More details demanded on (Toronto) police Taser use

March 31, 2009

The civilian body overseeing Toronto police is asking the force for more details about the 179 times officers Tasered people last year, including two 15-year-olds.

Pam McConnell, who led the Toronto Police Services Board meeting yesterday, said yesterday she's proud Toronto police disclose Tasering information, but acknowledged several facets of its recent report on use of the stun gun are vague and misleading.

The board ordered more improvements, fixes and changes to the document that has undergone several revisions in the past year – from issuing the report semi-annually, to spelling out exactly what certain statistics mean.

The report fails to reveal where and when some incidents occurred, as well as explicit details of events leading up to confrontations.

Board members pressed Police Chief Bill Blair for clarification on why the device was used on two 15-year-old boys and shown to a 12-year-old boy.

Blair said one 15-year-old was trying to commit suicide and the other lunged at officers with a knife.

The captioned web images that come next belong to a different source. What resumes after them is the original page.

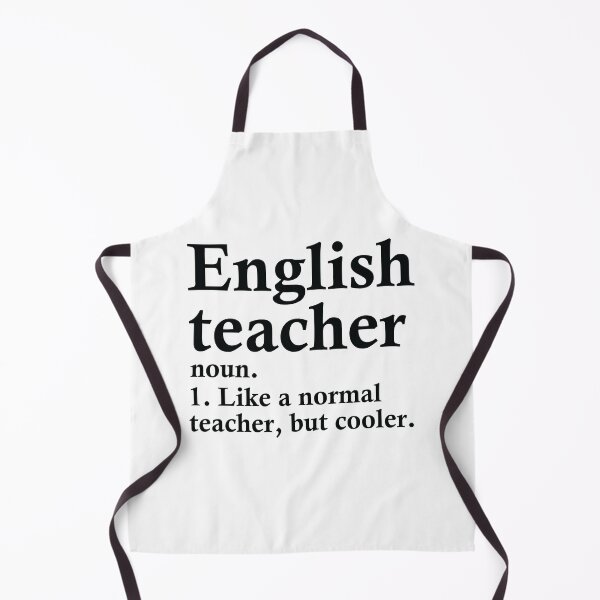 Item preview, English Teacher Definition designed and sold by woodesigner.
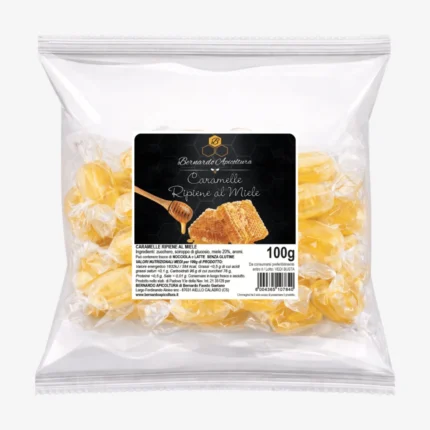 Caramelle ripiene al miele con cuore morbido Bernardo Apicoltura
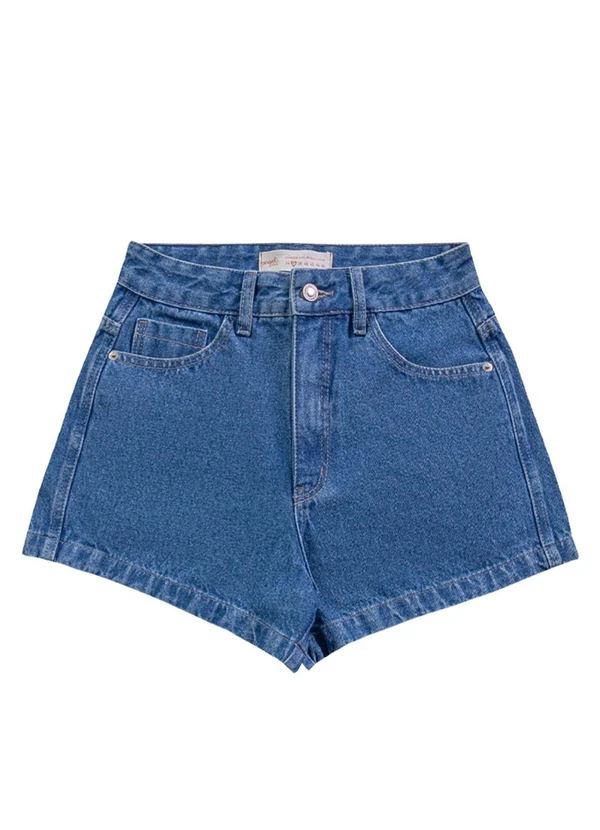 Angel - Shorts Hot Pants  Denim Azul 5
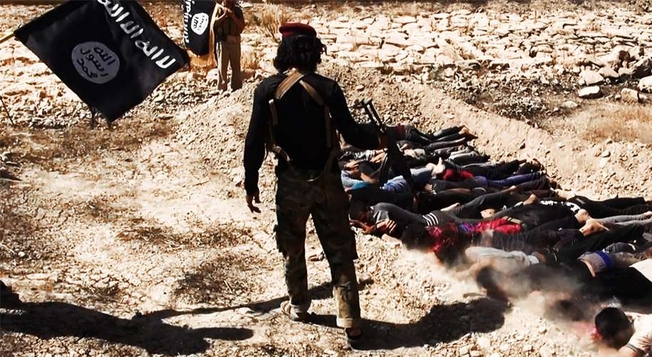 Terroristas Iraquianos divulgam imagens de execução Terroristas Iraquianos divulgam imagens de execução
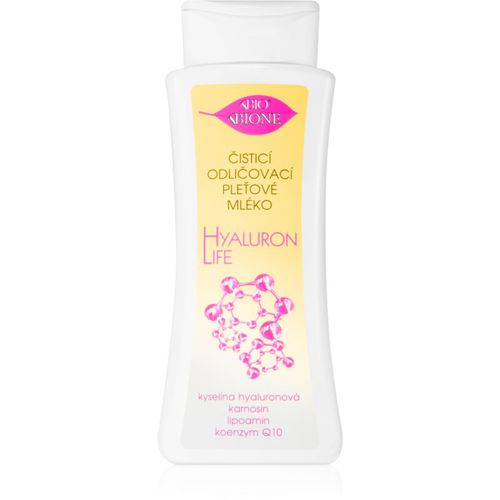 Hyaluron Life leche desmaquillante con ácido hialurónico 255 ml - Bione Cosmetics - Modalova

Showing the 12-year-old the Taser's blue electrical current halted a fit of violence, Blair said.

"We report far greater detail than anyone else in the country and in North America," Blair said. "I think it's appropriate. The public has a lot of questions and needs explanations and we're trying to make sure they get that."

Toronto police officers fired Taser darts at people 122 times last year and used it in "dry stun" mode, pressing it against a person's skin or clothing, 57 times.

Police use of Tasers has been under the microscope since 2007 when Polish visitor Robert Dziekanski died of cardiac arrest in Vancouver's airport after being jolted by RCMP members. An inquiry is probing that incident.

More than one-third of the 329 times that Toronto officers deployed Tasers – that includes showing its current, firing the darts and pressing it against a person – involved Emotionally Disturbed Persons, the report states.

Blair told the board the term doesn't necessarily refer to a mentally ill person, but to irrational, angry and violent behaviour.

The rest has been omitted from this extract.